Angst es el primer libro de Adriana Riva, pero no parece: más allá del talento, tiene un nivel de trabajo, de sutileza y delicadeza que no se corresponde con la urgencia de las operas primas. Es un libro maduro y madurado, donde la voz de una escritora no se insinúa: se muestra precisa, con raíces fuertes y un futuro claro.
Adriana Riva utiliza procedimientos diversos para investigar su mirada, encontrar sus tonos, las oscuridades y las luces que le interesan. En cuentos como “Pimienta rosa” y “En quiebra”, una primera persona que se construye más mirando a los demás que mirándose a sí misma intenta (con más o menos éxito, según el cuento) hacer equilibrio entre los deseos de los demás, un deseo propio y opaco y la sensación de que nada de lo que pasa en el mundo, ni siquiera de lo que hacemos nosotros, está bajo nuestro control. En el hermosísimo “Malcrianza”, la primera persona aparece apenas para decir que va a narrar una historia que le pertenece a su familia, corriendo al relato de su propiedad, convirtiéndolo en una especie de construcción aluvial que se arma con los pedacitos de todos, las sobras de todos. En “Pollo frito” una tercera clásica y omnisciente nos muestra sin estridencias el derrumbe lento de una pareja, que ni siquiera tiene la dignidad de terminar de derrumbarse. En “Flash”, tomando un procedimiento prestado de “Manual para mujeres de la limpieza” de Lucia Berlin (si no lo hizo a propósito sería una coincidencia increíble) la historia de la narradora y la de su inquilino se yuxtaponen, sin terminar de juntarse ni de separarse, como en una emulsión que no acaba de encontrar su continuidad química.
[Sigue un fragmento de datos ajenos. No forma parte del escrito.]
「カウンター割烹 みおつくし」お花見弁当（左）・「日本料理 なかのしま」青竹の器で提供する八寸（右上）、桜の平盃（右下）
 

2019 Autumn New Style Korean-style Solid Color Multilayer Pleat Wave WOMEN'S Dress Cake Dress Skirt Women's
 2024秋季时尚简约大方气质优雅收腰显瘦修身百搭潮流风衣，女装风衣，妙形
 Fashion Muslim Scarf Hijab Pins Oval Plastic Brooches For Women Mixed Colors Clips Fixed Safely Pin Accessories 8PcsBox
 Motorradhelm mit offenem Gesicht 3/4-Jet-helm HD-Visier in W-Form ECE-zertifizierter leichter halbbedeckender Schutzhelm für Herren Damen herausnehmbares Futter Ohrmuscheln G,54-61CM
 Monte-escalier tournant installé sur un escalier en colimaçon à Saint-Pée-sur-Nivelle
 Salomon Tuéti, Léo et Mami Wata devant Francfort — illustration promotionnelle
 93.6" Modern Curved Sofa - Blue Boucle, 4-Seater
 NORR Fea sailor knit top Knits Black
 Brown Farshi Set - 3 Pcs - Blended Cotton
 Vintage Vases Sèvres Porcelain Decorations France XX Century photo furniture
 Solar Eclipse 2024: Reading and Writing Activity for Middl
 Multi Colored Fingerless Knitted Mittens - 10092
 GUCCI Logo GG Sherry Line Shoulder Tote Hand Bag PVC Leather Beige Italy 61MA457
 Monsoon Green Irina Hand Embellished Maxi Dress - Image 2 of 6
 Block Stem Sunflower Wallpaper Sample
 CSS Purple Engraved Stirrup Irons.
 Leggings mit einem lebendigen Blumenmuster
En esa forma de mezclar lo propio y lo ajeno que aparece en varios cuentos y también comparando unos cuentos con otros está, creo, lo más original de la voz de Riva: la idea de “narrador” se vuelve plástica. Riva respeta sus propias decisiones, no comete ninguna arbitrariedad, pero detrás de todos sus narradores, en tercera o en primera, con más o menos información y más o menos libertades para opinar hay una voz de autora tan enraizada y acabada que es como si no importara. Supongo que ese es el sueño de muchos autores: que sus procedimientos desaparezcan detrás de algo que es más importante.